An appellate court should not ordinarily substitute its own views of fact for those of the trial court. See: Ebba v. Ogodo (1974) 1 SCNLR 372; Balogun v. Agboola (1974) 1 All NLR (pt. 2) 66. Ascription of probative value to the evidence of witnesses is pre-eminently the business of the trial court which saw and heard the witnesses. An appeal court will not lightly interfere with same unless for compelling reasons. But where evidence has nothing to do with the demeanour of witnesses or relates to interpretation to be placed on documents tendered before the court, an appellate court will be in a good position to act accordingly. See: Ebba v. Ogodo (supra); Ogbechie Onochie (1998) 1 NWLR (Pt.470) 370. An appellate court will not interfere with findings of fact except where wrongly applied to the circumstance of the case or vital documents tendered were jettisoned or conclusion arrived at was patently perverse or wrong, See: Nwosu v. Board of Customs & Excise (1988) 5 NWLR (Pt. 93) 225; Nneji v.

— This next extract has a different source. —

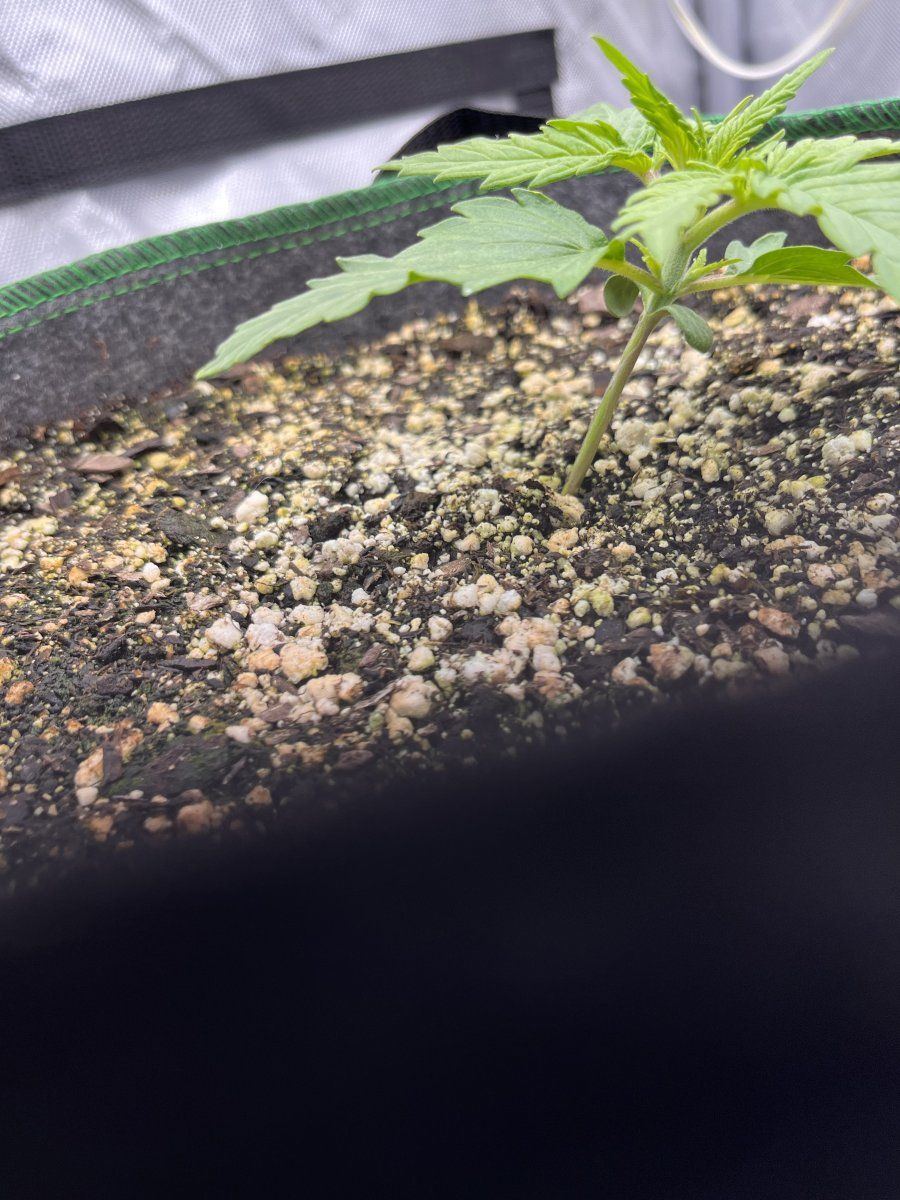 Autoflower help frosted cherry os 5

Chukwu (1996) 10 NWLR (pt. 378) 265. And where there is conflict in the evidence of witnesses, documentary evidence will serve as a hanger on which the truth shall be resolved. Documents tendered as exhibits are very vital as they do not embark on falsehood like some mortal beings. See: Olujinle v. Adeagbo (1988) 2 NWLR (Pt.75) 238.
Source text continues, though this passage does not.